Please reproduce exactly, and only, the lines from the one with "Hostal Le Point De Chute" through the last line of the listing below, both ends included, leaving out the pictures.
*** Opening of Data supplied ***
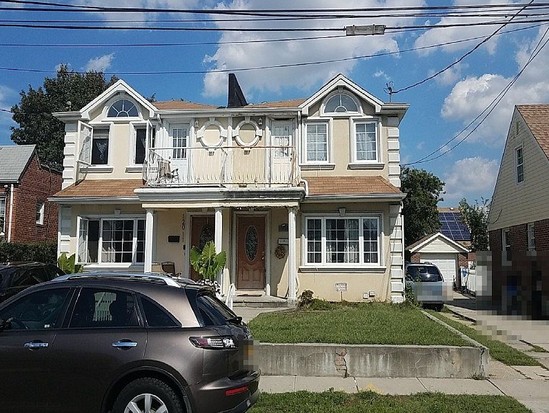 Single-family for Auction St Albans, Queens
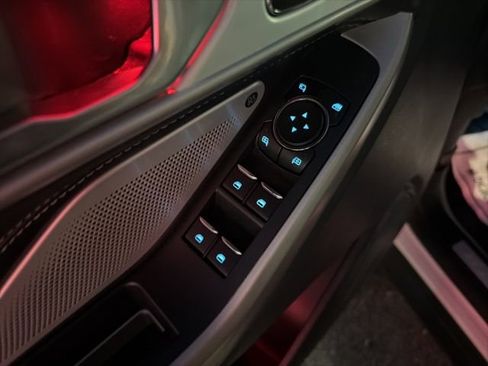 Used 2022 Ford Explorer Limited w/ Limited Technology Package image 28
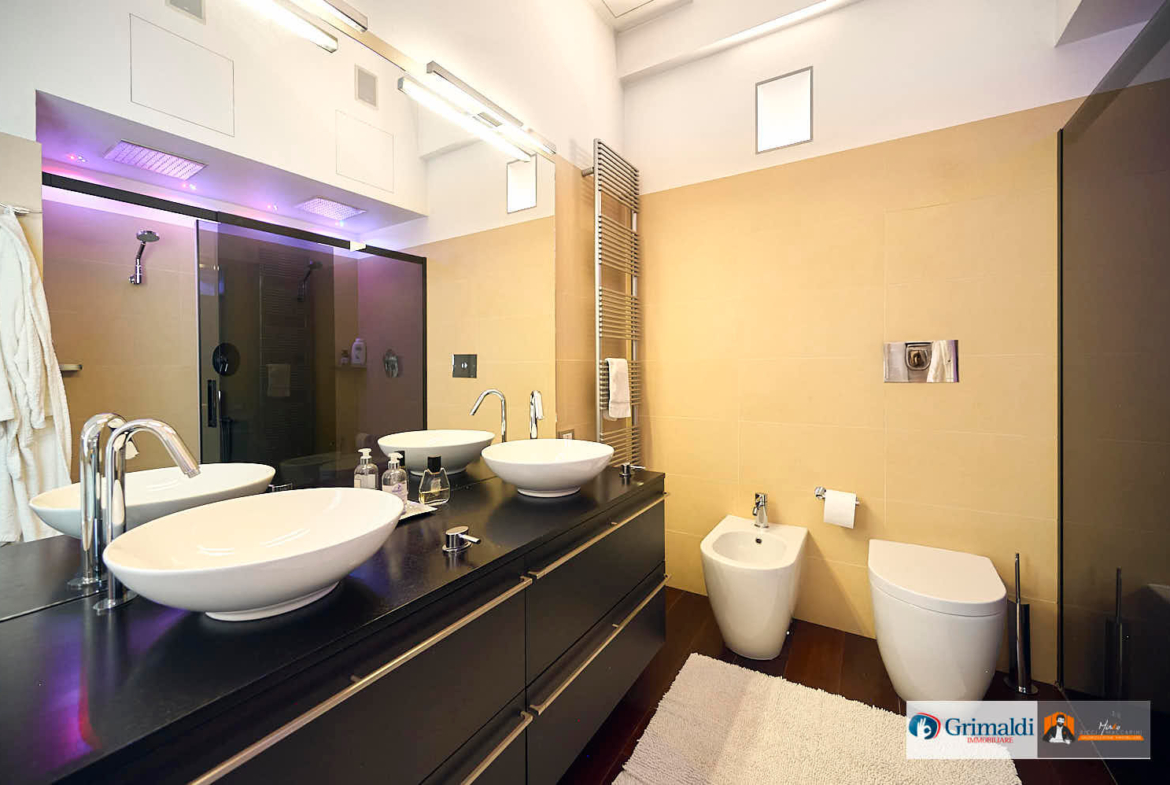 VILLA di DESIGN con PISCINA PANORAMICA e ASCENSORE PRIVATO | LUSSO e PRIVACY a CASALECCHIO di RENO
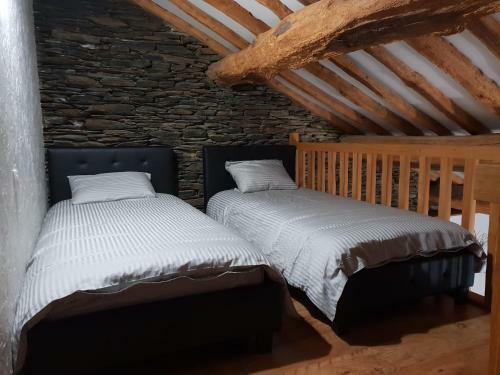 Hostal Le Point De Chute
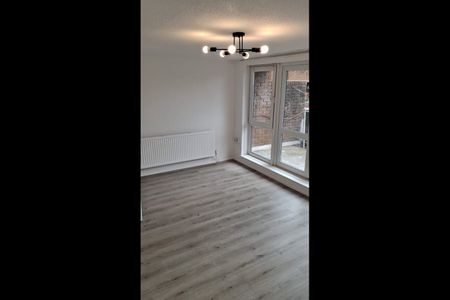 3 Bed Maisonette, The Sandlings, N22 - Photo 2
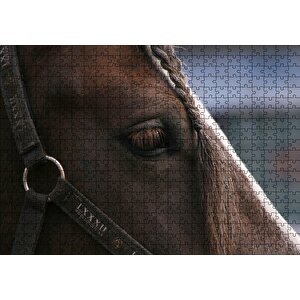 Yelesi Örülü Kahverengi At Yakın Çekim Puzzle Yapboz Mdf Ahşap 500 Parça
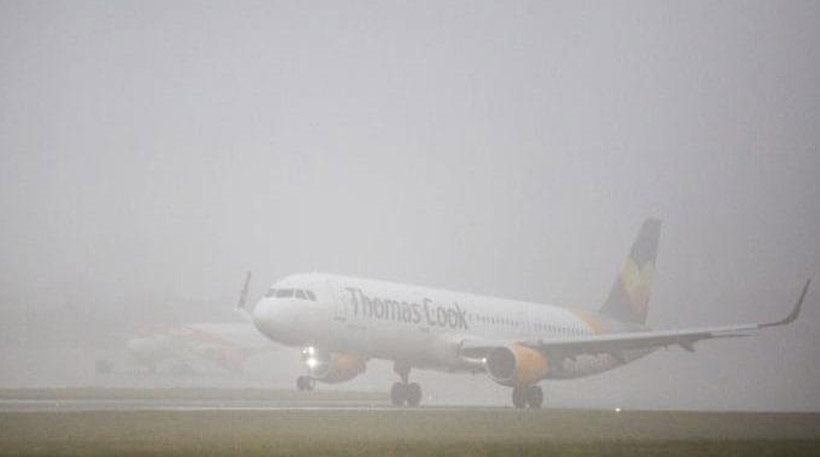 Εικόνες: Χάος στα βρετανικά αεροδρόμια λόγω ομίχλης
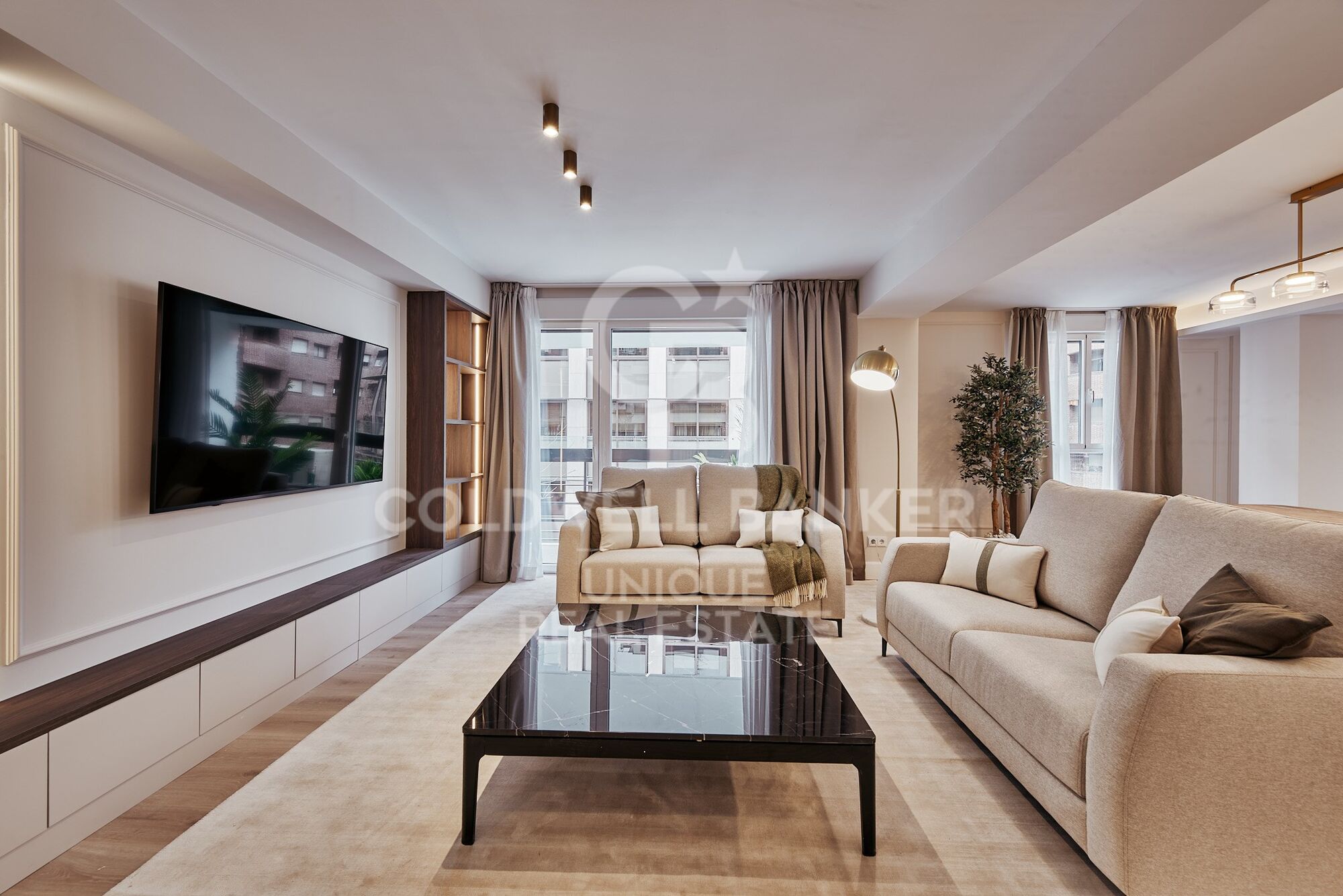 Brand new 3-bedroom exterior flat with terrace in Goya, Madrid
*** Close of Data supplied ***
* [Solution for this task]
 Hostal Le Point De Chute
 3 Bed Maisonette, The Sandlings, N22 - Photo 2
 Yelesi Örülü Kahverengi At Yakın Çekim Puzzle Yapboz Mdf Ahşap 500 Parça
 Εικόνες: Χάος στα βρετανικά αεροδρόμια λόγω ομίχλης
 Brand new 3-bedroom exterior flat with terrace in Goya, Madrid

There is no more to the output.